Problem details — In the entries below, repeat only the lines between those holding "80-Color Polyester Embroidery" and "Garnet/Khaki Plaid", inclusive. Leave pictures out.

[Input]

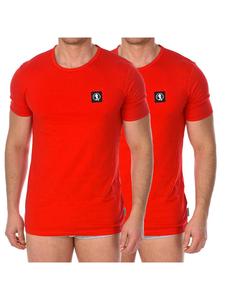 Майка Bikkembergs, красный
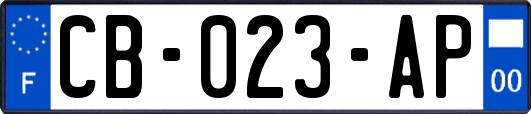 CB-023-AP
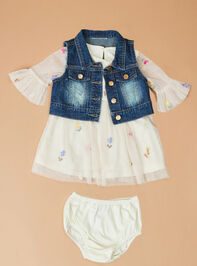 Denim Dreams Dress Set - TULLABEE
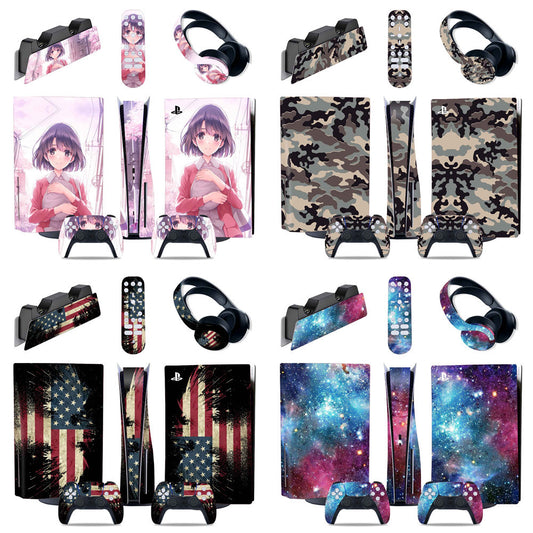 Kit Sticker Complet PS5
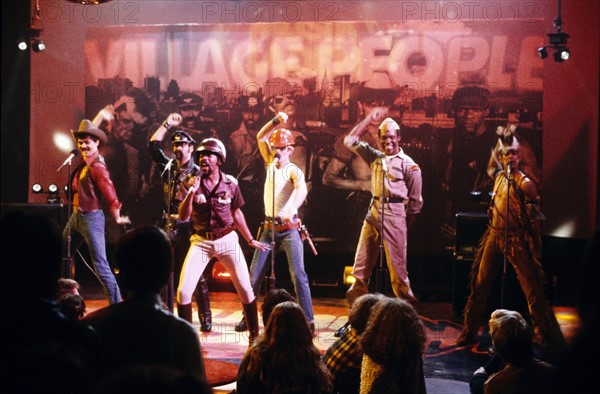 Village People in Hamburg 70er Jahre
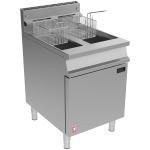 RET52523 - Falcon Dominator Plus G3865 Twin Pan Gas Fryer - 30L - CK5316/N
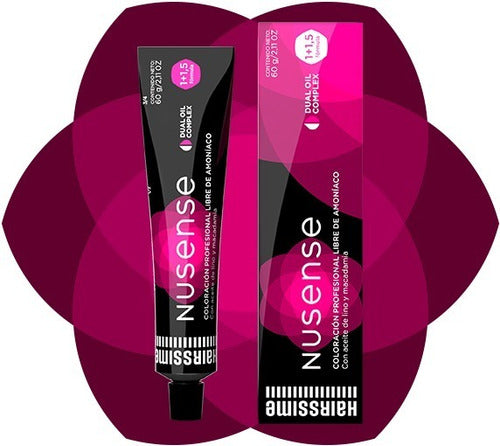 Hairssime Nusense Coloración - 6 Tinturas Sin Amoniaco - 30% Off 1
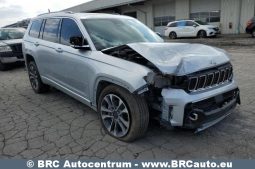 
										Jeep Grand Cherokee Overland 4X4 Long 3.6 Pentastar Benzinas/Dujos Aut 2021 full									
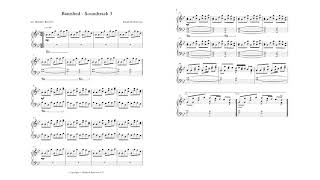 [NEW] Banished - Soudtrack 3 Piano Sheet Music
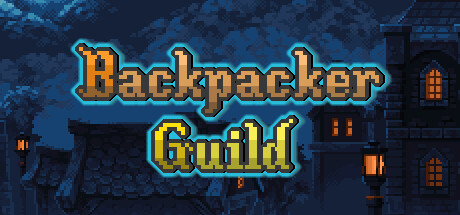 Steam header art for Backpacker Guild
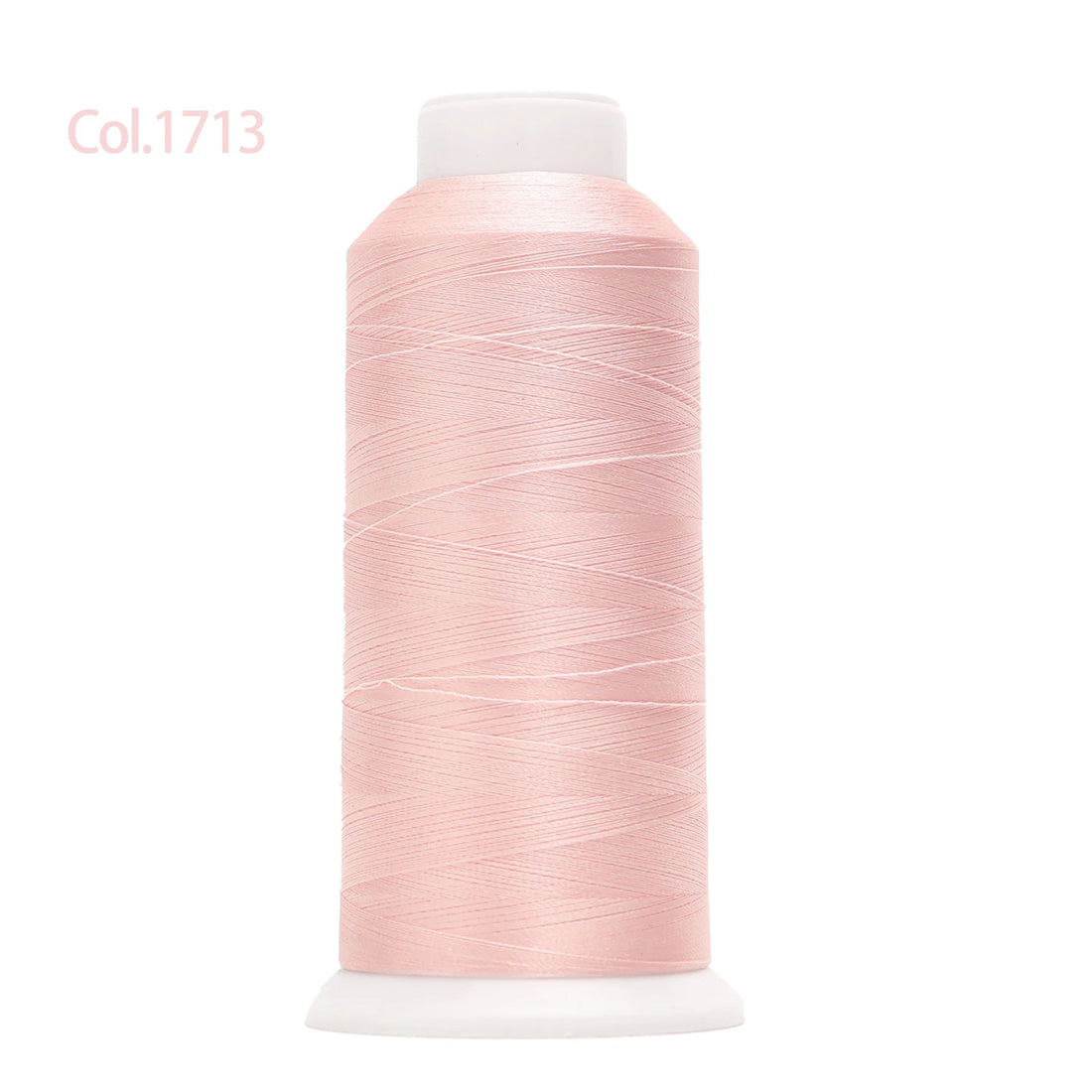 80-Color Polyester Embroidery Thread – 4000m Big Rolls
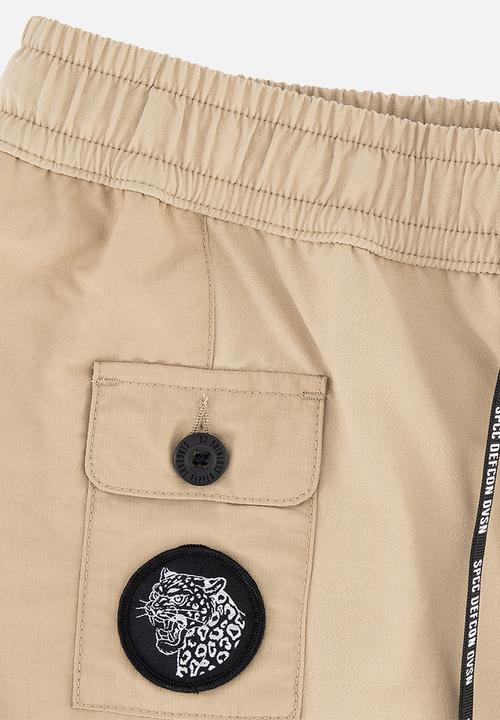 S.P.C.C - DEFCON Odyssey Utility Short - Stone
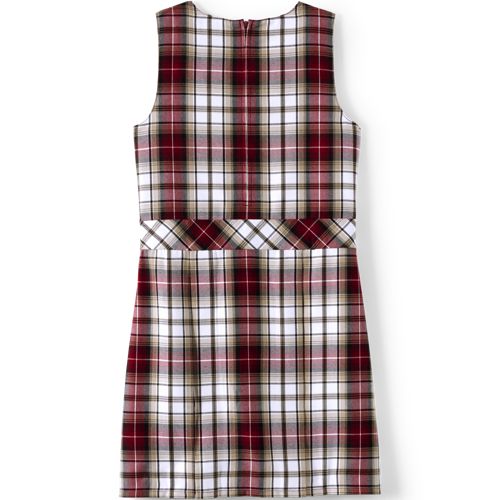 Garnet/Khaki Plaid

[/Input]
[Input]

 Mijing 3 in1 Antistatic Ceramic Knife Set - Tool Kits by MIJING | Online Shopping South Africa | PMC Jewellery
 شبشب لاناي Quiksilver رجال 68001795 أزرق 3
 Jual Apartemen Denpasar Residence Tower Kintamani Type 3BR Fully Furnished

[/Input]

Answer space —
 80-Color Polyester Embroidery Thread – 4000m Big Rolls
 S.P.C.C - DEFCON Odyssey Utility Short - Stone
 Garnet/Khaki Plaid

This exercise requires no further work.